Dazu Rita Famos: «Nicht alle Hoffnungen, die viele in ihn gesetzt hatten, konnten in Taten umgesetzt werden. So warten die Frauen immer noch auf die Weihe. Eine echte Beteiligung, wie sie der Weg zur Weltsynode zunächst versprach, wurde unter ihm noch nicht möglich.» Und für die Protestanten sei das «ökumenische Ringen» immer noch festgefahren in dogmatischen Streitigkeiten, etwa um das Kirchenverständnis.

So bleibt Franziskus als Papst in Erinnerung, der viele Menschen inspirierte, aber auch viele Gläubige, insbesondere in der eigenen Kirche, enttäuschte.

Zum Pontifikat von Papst Franziskus

Eine Würdigung von Rita Famos, Präsidentin Evangelisch-reformierte Kirche Schweiz (EKS)

«Buonasera», diese ersten freundlichen Worte nach seiner Wahl haben aufhorchen lassen.

Und tatsächlich war das Pontifikat von Franziskus geprägt von Aufbruch und Hoffnung. Seine zugängliche Art, nahe bei den Menschen, hat der Kirche ein freundliches Gesicht gegeben. Unter ihm wurde die Weltsynode, an der die unterschiedlichsten Strömungen am Tisch sassen, möglich. Frauen wurden in leitende Ämter befördert. Nicht mehr tragbare Kirchenfunktionäre wurden entlassen. Sein Einsatz für die Bewahrung der Schöpfung (Laudato Si’), für soziale Gerechtigkeit und seine klare Position zu Fragen von Migration und Armut haben das Bild der katholischen Kirche in den letzten Jahren stark geprägt.
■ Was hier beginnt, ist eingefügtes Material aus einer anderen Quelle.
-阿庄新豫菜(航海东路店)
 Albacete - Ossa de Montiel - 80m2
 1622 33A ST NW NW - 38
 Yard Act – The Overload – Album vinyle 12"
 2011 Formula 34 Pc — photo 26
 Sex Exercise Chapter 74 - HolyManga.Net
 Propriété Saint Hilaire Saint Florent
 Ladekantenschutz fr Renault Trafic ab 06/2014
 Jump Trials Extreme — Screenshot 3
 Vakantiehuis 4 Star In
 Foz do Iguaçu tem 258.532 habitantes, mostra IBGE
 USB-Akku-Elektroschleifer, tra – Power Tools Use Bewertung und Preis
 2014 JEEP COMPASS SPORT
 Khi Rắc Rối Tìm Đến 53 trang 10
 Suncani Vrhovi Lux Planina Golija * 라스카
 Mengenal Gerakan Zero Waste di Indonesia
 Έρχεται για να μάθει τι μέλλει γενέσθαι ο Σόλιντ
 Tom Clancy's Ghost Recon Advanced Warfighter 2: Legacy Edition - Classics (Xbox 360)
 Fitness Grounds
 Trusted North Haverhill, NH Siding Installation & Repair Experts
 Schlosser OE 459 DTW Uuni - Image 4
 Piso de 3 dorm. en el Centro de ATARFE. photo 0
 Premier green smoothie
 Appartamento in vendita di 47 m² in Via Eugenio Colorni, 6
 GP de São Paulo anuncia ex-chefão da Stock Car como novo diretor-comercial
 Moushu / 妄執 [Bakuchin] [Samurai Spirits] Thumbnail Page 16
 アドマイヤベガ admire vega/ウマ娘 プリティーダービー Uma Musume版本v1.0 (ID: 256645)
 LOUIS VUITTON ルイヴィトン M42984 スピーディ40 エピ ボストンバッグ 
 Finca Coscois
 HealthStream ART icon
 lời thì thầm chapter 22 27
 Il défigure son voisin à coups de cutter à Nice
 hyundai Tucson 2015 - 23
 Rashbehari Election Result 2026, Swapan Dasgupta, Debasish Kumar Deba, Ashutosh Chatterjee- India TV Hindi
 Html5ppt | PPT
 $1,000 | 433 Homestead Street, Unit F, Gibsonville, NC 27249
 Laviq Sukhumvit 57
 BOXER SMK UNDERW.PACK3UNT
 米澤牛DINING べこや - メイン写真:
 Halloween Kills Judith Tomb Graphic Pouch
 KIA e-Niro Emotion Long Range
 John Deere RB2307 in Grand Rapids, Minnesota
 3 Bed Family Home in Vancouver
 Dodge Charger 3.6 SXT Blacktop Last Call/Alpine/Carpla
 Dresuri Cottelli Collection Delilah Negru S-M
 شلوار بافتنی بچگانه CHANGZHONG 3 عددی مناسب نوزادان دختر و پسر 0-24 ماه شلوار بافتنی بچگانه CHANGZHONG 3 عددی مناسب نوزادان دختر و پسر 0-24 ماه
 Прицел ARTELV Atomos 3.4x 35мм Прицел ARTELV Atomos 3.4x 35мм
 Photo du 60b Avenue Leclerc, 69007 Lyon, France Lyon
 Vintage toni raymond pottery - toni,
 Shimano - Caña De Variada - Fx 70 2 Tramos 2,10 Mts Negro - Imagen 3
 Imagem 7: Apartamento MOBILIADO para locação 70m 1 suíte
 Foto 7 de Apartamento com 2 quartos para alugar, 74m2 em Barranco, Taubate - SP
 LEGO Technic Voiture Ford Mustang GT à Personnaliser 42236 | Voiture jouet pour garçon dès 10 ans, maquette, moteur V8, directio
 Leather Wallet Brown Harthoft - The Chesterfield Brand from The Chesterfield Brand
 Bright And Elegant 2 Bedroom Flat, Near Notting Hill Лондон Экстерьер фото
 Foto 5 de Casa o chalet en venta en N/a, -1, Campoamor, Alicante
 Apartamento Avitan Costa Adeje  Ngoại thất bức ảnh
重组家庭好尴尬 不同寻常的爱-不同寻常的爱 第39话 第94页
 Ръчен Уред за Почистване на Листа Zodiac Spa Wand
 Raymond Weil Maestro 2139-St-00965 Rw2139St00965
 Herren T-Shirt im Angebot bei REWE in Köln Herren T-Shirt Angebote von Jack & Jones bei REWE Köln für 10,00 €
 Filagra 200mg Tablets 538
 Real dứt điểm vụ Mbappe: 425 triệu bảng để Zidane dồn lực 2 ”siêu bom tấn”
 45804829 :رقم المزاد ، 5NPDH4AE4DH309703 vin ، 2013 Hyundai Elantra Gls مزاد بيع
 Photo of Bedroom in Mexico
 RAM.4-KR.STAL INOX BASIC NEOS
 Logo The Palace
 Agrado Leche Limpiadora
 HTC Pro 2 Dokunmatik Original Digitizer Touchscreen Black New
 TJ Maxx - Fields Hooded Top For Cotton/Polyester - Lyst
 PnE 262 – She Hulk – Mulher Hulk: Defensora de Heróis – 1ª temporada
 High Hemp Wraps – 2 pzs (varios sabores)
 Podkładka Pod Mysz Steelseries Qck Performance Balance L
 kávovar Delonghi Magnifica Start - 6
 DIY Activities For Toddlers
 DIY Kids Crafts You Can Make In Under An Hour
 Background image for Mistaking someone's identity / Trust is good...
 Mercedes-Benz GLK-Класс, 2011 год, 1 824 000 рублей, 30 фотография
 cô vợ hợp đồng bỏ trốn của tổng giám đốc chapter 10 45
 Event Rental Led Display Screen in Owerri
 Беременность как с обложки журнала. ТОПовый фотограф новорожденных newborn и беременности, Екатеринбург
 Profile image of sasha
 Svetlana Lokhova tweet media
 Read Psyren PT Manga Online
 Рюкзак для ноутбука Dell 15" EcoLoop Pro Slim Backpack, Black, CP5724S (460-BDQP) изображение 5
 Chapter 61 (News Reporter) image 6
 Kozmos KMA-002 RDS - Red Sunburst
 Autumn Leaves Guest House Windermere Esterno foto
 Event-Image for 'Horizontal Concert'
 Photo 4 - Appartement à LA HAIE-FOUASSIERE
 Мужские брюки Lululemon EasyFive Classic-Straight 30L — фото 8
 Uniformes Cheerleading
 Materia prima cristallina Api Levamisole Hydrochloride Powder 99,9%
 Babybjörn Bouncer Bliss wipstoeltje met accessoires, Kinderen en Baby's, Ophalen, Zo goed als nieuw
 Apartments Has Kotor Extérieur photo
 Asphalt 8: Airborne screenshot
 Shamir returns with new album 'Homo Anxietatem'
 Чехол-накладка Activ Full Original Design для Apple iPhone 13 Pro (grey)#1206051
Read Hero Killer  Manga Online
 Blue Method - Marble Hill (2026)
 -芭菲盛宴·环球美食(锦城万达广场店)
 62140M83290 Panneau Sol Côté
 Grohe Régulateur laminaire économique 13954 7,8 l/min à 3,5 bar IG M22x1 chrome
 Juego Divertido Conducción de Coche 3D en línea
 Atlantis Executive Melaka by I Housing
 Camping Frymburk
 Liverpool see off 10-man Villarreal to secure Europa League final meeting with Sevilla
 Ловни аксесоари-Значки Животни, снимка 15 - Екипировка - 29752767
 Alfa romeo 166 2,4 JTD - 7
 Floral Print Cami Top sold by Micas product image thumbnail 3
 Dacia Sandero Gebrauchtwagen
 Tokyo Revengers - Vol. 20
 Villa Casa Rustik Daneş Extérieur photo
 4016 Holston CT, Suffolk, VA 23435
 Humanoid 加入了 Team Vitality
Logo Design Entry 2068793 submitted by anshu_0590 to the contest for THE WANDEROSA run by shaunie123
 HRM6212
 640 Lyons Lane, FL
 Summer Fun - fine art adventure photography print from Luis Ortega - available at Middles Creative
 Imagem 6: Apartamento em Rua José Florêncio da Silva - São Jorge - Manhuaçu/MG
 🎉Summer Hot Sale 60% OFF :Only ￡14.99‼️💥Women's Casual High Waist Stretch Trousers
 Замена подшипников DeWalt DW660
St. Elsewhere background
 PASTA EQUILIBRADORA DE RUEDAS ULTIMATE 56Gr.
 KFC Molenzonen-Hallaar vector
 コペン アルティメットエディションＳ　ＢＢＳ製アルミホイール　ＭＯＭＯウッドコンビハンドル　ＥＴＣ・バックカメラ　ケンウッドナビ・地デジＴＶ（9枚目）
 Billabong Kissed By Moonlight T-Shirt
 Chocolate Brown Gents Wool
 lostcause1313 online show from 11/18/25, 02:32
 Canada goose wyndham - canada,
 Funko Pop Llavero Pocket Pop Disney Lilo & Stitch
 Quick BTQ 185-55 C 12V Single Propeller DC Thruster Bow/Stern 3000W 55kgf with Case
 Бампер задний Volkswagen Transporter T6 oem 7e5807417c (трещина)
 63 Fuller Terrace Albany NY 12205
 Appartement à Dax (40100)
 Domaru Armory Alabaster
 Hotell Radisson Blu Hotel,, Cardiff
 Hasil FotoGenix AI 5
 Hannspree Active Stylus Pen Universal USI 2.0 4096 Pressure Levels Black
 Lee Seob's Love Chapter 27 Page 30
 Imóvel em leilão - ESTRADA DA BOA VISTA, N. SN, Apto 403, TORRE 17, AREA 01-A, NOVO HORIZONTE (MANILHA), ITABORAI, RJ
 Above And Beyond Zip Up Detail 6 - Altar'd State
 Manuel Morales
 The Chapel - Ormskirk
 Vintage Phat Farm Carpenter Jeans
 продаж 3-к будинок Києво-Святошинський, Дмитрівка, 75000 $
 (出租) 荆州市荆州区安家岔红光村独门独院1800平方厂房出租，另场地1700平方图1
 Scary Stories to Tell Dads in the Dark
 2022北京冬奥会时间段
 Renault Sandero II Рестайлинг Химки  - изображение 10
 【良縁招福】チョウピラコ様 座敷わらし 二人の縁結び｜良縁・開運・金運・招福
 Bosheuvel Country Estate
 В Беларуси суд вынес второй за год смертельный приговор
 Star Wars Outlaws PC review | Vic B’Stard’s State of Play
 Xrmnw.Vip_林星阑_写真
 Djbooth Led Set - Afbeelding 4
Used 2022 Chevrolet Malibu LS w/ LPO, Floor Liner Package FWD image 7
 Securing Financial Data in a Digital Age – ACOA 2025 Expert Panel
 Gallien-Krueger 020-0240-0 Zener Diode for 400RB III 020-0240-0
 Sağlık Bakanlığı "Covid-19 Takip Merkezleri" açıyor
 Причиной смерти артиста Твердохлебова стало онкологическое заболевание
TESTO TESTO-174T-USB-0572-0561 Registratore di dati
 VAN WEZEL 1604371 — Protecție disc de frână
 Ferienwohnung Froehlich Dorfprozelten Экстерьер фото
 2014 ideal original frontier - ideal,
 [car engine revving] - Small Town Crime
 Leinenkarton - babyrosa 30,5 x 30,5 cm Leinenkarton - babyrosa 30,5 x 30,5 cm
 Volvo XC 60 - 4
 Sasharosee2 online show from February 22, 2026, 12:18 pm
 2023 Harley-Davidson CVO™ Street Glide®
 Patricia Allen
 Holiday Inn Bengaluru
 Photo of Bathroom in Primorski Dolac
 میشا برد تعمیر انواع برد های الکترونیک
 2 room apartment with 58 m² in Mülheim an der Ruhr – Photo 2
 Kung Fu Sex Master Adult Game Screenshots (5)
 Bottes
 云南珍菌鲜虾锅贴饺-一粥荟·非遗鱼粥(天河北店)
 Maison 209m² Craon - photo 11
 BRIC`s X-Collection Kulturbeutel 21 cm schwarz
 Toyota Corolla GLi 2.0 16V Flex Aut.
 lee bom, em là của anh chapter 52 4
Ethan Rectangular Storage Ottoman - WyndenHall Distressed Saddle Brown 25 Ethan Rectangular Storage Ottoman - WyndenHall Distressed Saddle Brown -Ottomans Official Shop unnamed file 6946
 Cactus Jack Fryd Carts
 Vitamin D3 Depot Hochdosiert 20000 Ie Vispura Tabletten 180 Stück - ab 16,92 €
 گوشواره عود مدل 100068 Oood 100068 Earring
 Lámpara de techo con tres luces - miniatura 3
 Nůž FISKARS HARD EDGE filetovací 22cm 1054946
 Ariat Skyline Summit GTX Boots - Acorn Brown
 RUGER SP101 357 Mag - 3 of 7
Nicht alle Hoffnungen, die viele in ihn gesetzt hatten, konnten in Taten umgesetzt werden. So warten die Frauen immer noch auf die Weihe, eine echte Beteiligung, wie sie der Weg zur Weltsynode zunächst versprach, wurde unter ihm noch nicht möglich. Und für uns Protestanten ist das ökumenische Ringen immer noch festgefahren in den dogmatischen Streitigkeiten um das Kirchenverständnis und den Primat.

Aber dennoch habe ich Hochachtung vor dem Mut dieses Kirchendieners, der viel in Bewegung gesetzt hat. Berührend war es, dass er – geschwächt, aber mit klarer Stimme – am Ende seines Weges noch den Ostersegen sprechen konnte. Ein letzter Akt seines Dienstes, der viele tief bewegt hat.